Letting people experience the consequences of their actions is the loving thing to do. Rescuing people interferes with the lesson plan in the classroom we call life.
Sarah wishes she would have had that valuable piece of information when her son, Colby, was a toddler. But today he’s 22, and she’s paying a hefty price for habitually sheltering him throughout the years.
Colby is notorious for mismanaging money, and Sarah is equally notorious for bailing him out. He always promises to pay her back but fails to deliver. Invariably, Sarah seethes with resentment over having her trust betrayed. And as for Colby, he doesn’t grow up.
Instead of learning from his mistakes, Colby repeats them. For example, he has wrecked more than one vehicle, resulting in costly repairs. But he doesn’t pay for the damages—Sarah does. So by escaping the full brunt of his reckless driving, he misses out on the lesson.
When she’s not rescuing him financially, she begrudgingly assumes other responsibilities that should fall squarely in Colby’s lap. These include doing his laundry, cleaning up after him, balancing his checkbook, setting and reminding him of his appointments.
“I’m disappointed in him,” she said. “It took me a long time to admit that to myself.”
Who he is today doesn’t match the dreams she’s carried around in her head and heart. “I have trouble saying this,” she continued, “but I just don’t respect him, and I don’t like the person he’s turned out to be.”

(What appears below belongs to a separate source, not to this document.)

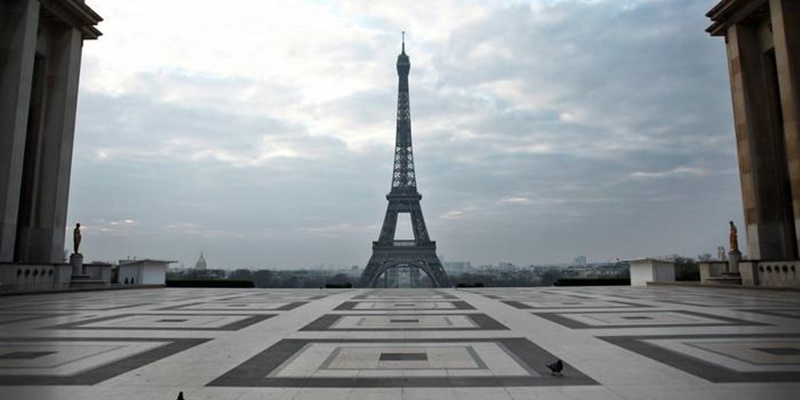 Sembilan Bulan Ditutup Menara Eiffel Kembali Dibuka Untuk Umum, Pengunjung Wajib Bawa Kartu Vaksin Dan Jaga Jarak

She described his most disturbing personality traits: “He’s rude, self-absorbed and insensitive. He doesn’t care who he hurts. He has a nasty mouth and a nasty temper. He can’t hold a steady job. If he gets annoyed with someone at work, even his boss, he blows up and either gets fired or quits. He uses people, including his best friends.”
There are exceptions, Sarah noted. “He’s nice when he wants something,” she said.
Tired of having “sucker” stamped on her forehead, Sarah sought my advice. I asked her why she continues to overindulge him. “I would feel guilty turning my back on him,” she said. “And no matter what he does, I should love him unconditionally.”
So if Sarah stopped bailing him out, she would equate such action with being hurtful and neglectful.
I told her that letting someone struggle isn’t the same as neglect, and unconditional love isn’t about unconditional tolerance. I can love someone deeply, but this doesn’t mean I ought to tolerate their appalling behavior. Overlooking or accepting such behavior isn’t love. It’s neglect.
In its purest form, love is focused on what’s best for the other person at his or her core level. What’s best for the eight-year-old boy who approaches his parents with a long list of toys he wants? What will further his personal development most? Getting everything on his list or learning the hard lessons of discreet spending, coping with disappointment and facing denied requests? Character-building involves learning how to earn and manage money. It entails grappling with life’s difficulties, including those we create for ourselves.
Another vital aspect of the maturation process is social development. Colby’s an unabashed taker and is puffed up with his own self-importance. In contrast, others are completely insignificant. Consequently, respect and cooperation are foreign concepts to him.
The advice I gave Sarah was simple.
“Stop making things cushy for Colby.”
“So, I hear you saying I have to let him fall?” she asked, giving me a look of disbelief.
“Actually, yes,” I replied. “That would be the first step toward helping him.”
I shared with her a bit of wisdom from a former high school football coach, Don Armstrong:
“It’s so empowering when we love people enough to let them fail.”
I emphasized that to love her son in the truest sense, she must always ask herself what’s best for his character. It boils down to this question: “Sarah, how is doing his laundry hurting him at his core?”
She smiled . . . getting it.
In essence, I told her to stop doing his laundry for him, and quit doing everything else he should be doing for himself. Doing those things doesn’t teach him the lesson of personal responsibility. It just reinforces his self-centeredness, his sense of entitlement and his inflated expectations of how the world ought to treat him.
A few years back I learned of a father who parented his children with this guiding philosophy: “You won’t respect me for what I let you do. You’ll respect me for how I teach you to live.”
He nailed it.
Names are changed to honor client confidentiality.